415 Seiten. Preis 138 S.

Es ist wirklich ein weiter Weg, auf dem Staats-lekretär a. D. Julius Deutsch von der Höhe des Alters zurückblicken kann. Er begann in der Stube eines burgenländischen Dorfwirtshauses, er führte durch die Hinterhofwelt der Wiener Vorstädte von 1900 und — später — durch die nüchterne Gelehrsamkeit der Hörsäle der Universität Zürich in die Führungsgremien der österreichischen Sozialdemokratie am Vorabend des erster Weltkrieges. Für dieses wurde der an vielen Fronten des ersten Weltkriegs eingesetzte Offizier später Wehrexperte Nummer 1. Als solcher hielt Julius Deutsch nach 1918 zunächst als Staatssekretär für Heerwesen Einzug in das erste Kabinett der Republik. Nach dem Ende der ersten schwarz-roten Koalition wechselte Deutsch hinüber an die Spitze der Parteiarmee des Republikanischen Schutzbundes.
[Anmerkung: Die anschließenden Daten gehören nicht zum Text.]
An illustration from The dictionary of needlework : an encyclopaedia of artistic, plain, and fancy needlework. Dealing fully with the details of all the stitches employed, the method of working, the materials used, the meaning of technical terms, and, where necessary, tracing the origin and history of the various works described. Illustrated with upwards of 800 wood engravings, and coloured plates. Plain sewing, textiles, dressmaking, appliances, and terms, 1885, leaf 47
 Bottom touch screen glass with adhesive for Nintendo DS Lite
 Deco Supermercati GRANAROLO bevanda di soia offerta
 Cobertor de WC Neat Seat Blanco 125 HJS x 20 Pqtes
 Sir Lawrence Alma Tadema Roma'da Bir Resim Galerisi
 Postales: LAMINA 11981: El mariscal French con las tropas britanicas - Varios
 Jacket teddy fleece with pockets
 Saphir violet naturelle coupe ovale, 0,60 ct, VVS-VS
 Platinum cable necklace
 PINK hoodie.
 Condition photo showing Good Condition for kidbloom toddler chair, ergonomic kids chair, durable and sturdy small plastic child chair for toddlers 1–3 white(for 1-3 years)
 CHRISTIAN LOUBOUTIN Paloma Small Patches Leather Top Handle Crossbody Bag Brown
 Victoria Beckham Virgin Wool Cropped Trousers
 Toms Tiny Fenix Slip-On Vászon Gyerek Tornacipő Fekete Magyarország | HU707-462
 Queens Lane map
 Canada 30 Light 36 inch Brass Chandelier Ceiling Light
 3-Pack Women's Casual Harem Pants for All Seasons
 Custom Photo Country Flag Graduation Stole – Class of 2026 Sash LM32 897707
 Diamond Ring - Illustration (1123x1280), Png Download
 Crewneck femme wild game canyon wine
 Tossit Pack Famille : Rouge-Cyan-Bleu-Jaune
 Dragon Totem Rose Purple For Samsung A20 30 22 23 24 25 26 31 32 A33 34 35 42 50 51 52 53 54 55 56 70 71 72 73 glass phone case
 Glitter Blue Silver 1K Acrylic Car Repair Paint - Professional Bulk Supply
Durch die Nebel des Februar 1934 ging der Weg zunächst immer schärfer nach links in den spanischen Bürgerkrieg, wo Deutsch der spanischen Republik bis zu deren bitterem Ende, zuletzt als General, diente. Doppeltes Exil, Heimkehr, Aufbau des sozialistischen Verlagskonzerns „Konzentration“; wachsendes Mißvergnügen und Zerwürfnis mit der neuen Führung der SPÖ: das waren die weiteren Etappen der nur herbstlichen Reise.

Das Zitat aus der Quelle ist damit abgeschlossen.